PROSTRATION WHY, WHEN, HOW and BENEFIT

A familiar Dharma practice is that of prostration. Prostration is an act of devotion and purification, in which we acknowledge and pay respect to the Three Jewels: The Buddha, The Dharma, and The Sangha, and through which we eliminate negative karma and accumulate many merits. Its practice, however, goes beyond ordinary notions of respect, as it helps us transcend ego. 

As with all Dharma practice our intention and aspiration is to benefit others, so when we perform this beneficial practice, we are purifying the three doors: our body, our speech, and our mind. It is our ignorance expressed through the three doors as afflictive emotions that causes us to act in ways that create more negative karma which perpetuates samsara. Therefore, when we purify our afflictions, and negative bad karma through prostration we are better able to benefit others.

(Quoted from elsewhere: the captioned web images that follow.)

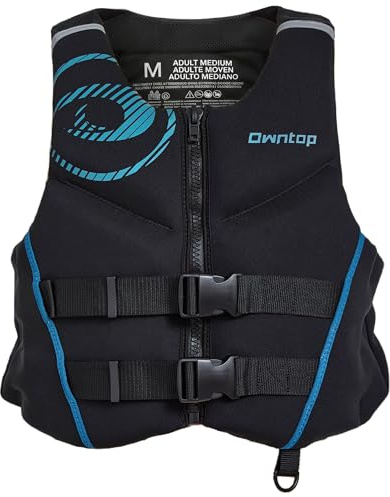Owntop Adults Buoyancy Aid | Lightweight Neoprene Swim Vest | Foldable Buoyancy Vest with Dual Safety Straps | Float Jacket 50N for Fishing, Kayaking, Canoeing, Paddleboarding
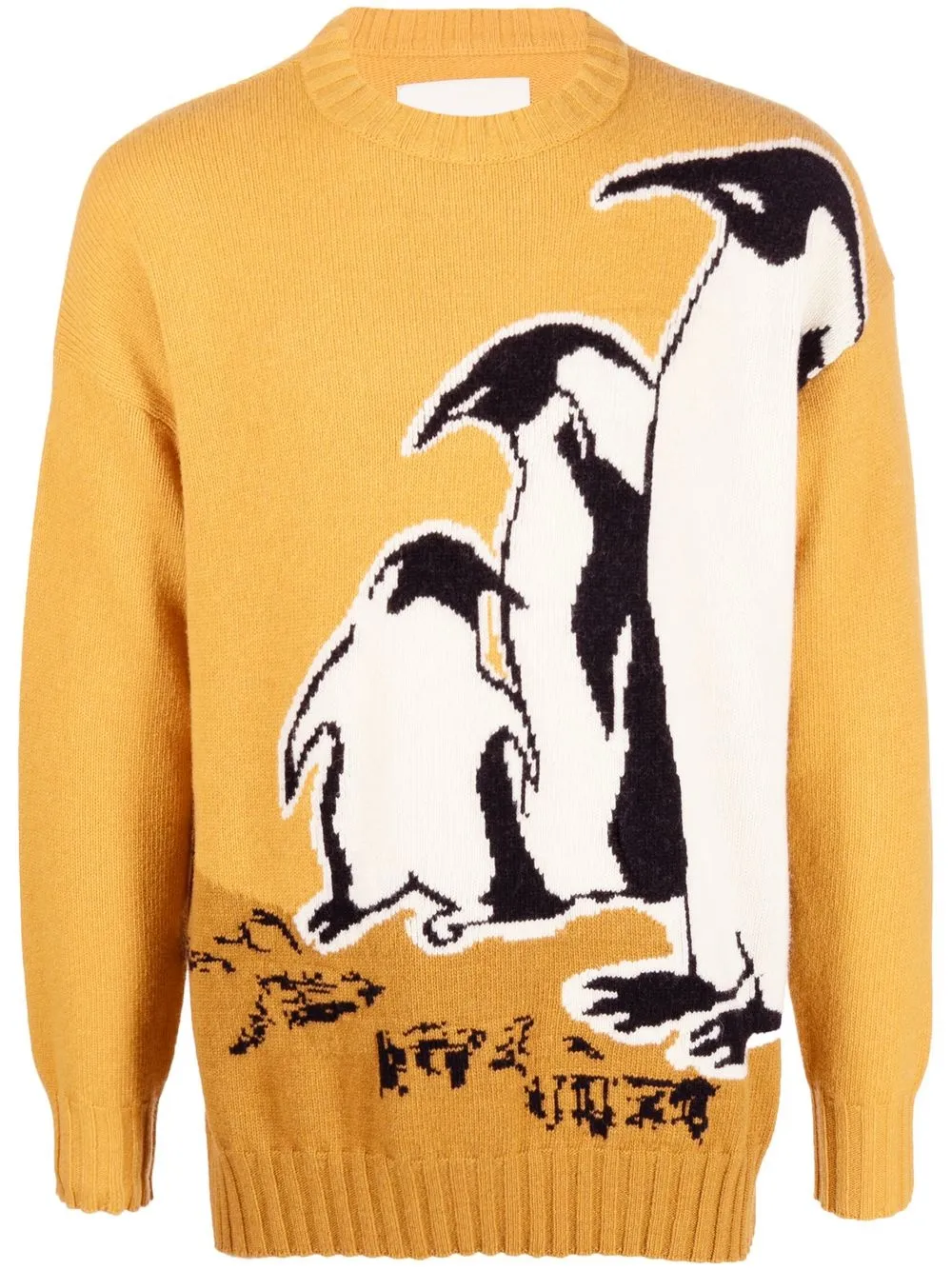 

Emporio Armani suéter tejido con motivo de pingüino en intarsia - Amarillo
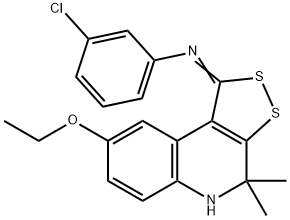 331661-23-5 N-(3-chlorophenyl)-N-(8-ethoxy-4,4-dimethyl-4,5-dihydro-1H-[1,2]dithiolo[3,4-c]quinolin-1-ylidene)amine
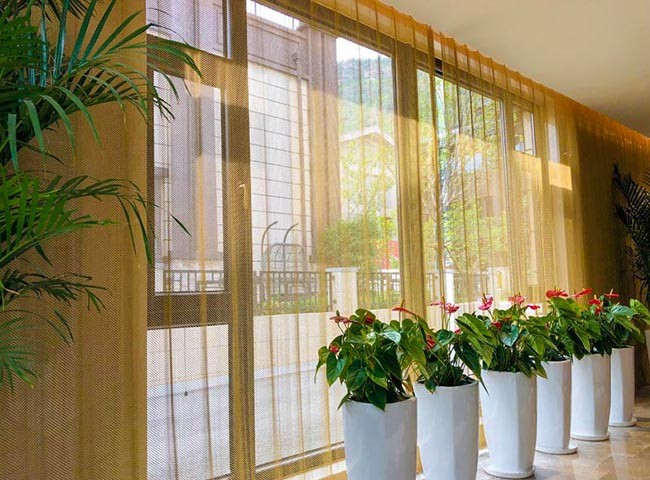 Metal Coil Curtain, Coil Drapery Curtain Ideal Indoor Decorative Mesh For Your Home And Hotel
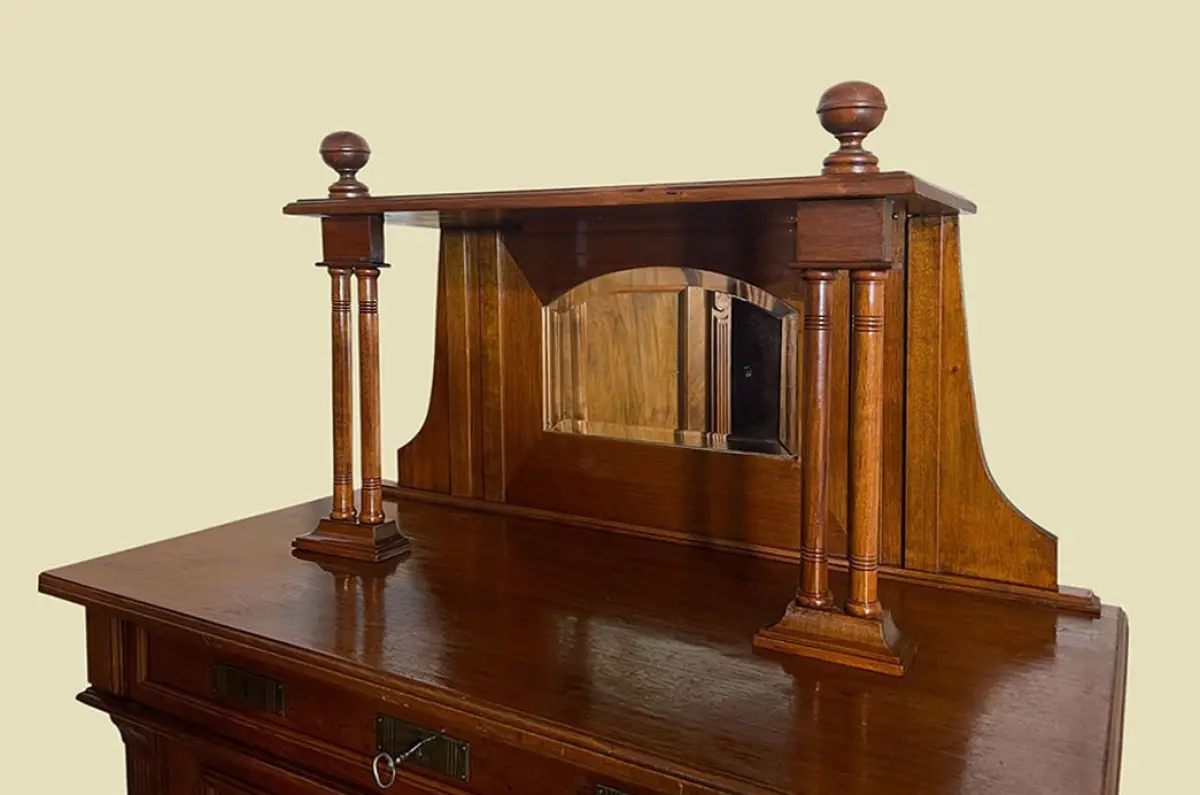 1920er Vertiko ANTIK Jugendstil VINTAGE Lebensbaum Kommode Schrank von 1920 8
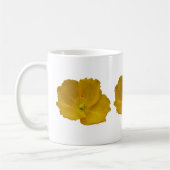 Yellow Poppy Alaskan Wildblume Floral Kaffeetasse (Links)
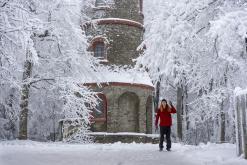 Rozhledna Jedlová - leden 2021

There are many opportunities to gain merits and the benefits from prostrating, for example we usually prostrate three times when entering any Buddhist environment such as a temple, monastery, or Dharma centre and whenever we see an image or representation of the Buddha. We prostrate to our guru when attending Dharma lessons as they enter and leave the room, or at the start or end of the teaching. Or in our own daily practice wherever and whenever that may be. In the Tibetan Buddhist tradition prostration also takes the form of clockwise circumambulation around a Buddhist sacred site: a monastery, the Potala Palace, or a holy mountain, the most well-known being a 52 km Kora around the revered and sacred Mount Kailash which takes approximately four weeks to complete.

How we prostrate can be in the half prostration, or full prostration. The illustration below shows the Tibetan style of full body prostration. 

During the practice of prostration our hands form the mudra or gesture of prayer and are placed at our crown/forehead, throat, and heart. As we touch our crown/forehead we bring our attention to our body, at our throat our attention is on our speech, and at our heart it is on our mind, as well as purifying the afflictions and negative karma, it also serves as a reminder for us to be alert and wary of our actions of our body, speech, and mind.

Prostrations are a virtuous action that create an enormous amount of merit. Yet while we do experience the results of our actions in future lives, we also experience the result in this life.